## THE TASK
In the material below, begin at the line that has "-鹤江桥·红油牛肉粉(SKP店)", stop after the line that has "Suasana pertandingan final", and transcribe those lines exactly, without pictures.

## DATA UNDER STUDY
/---

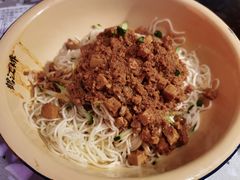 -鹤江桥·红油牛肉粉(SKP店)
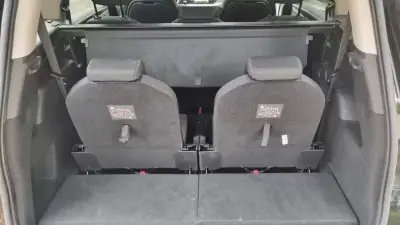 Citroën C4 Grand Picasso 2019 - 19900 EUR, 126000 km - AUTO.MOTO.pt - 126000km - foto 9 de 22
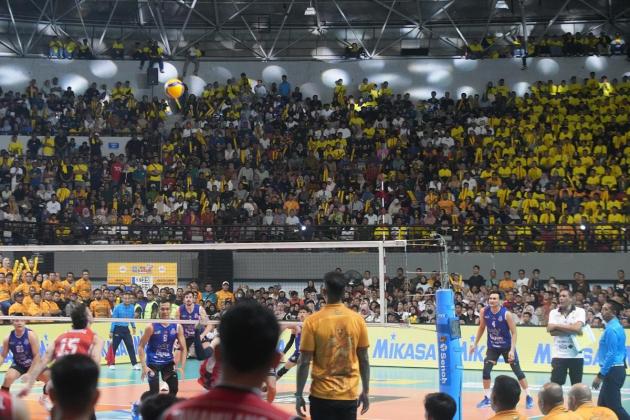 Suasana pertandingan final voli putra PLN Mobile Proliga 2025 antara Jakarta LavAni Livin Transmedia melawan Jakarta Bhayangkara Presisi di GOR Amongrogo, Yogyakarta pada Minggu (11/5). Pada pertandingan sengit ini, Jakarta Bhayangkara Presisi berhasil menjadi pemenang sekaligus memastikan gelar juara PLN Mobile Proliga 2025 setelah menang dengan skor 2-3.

\---
/---

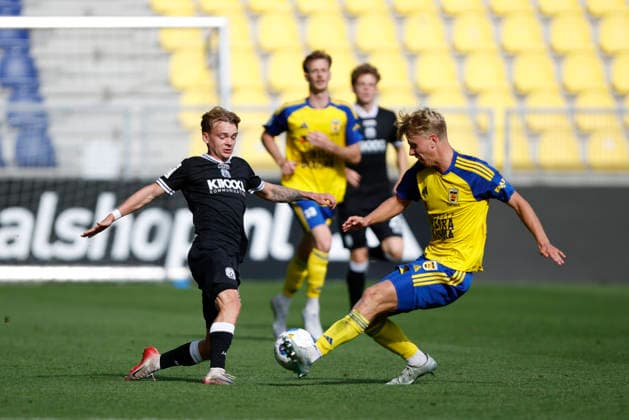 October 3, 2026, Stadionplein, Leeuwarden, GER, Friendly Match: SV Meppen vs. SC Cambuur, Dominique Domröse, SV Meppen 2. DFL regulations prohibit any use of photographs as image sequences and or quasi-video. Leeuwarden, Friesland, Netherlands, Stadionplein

\---
/---

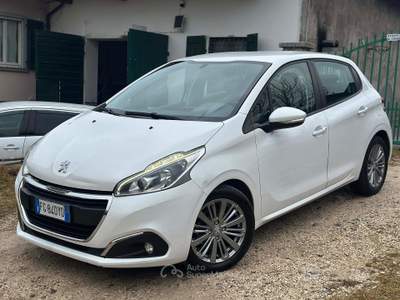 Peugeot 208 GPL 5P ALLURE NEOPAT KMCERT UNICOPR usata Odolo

\---

## TASK RESPONSE
 -鹤江桥·红油牛肉粉(SKP店)
 Citroën C4 Grand Picasso 2019 - 19900 EUR, 126000 km - AUTO.MOTO.pt - 126000km - foto 9 de 22
 Suasana pertandingan final voli putra PLN Mobile Proliga 2025 antara Jakarta LavAni Livin Transmedia melawan Jakarta Bhayangkara Presisi di GOR Amongrogo, Yogyakarta pada Minggu (11/5). Pada pertandingan sengit ini, Jakarta Bhayangkara Presisi berhasil menjadi pemenang sekaligus memastikan gelar juara PLN Mobile Proliga 2025 setelah menang dengan skor 2-3.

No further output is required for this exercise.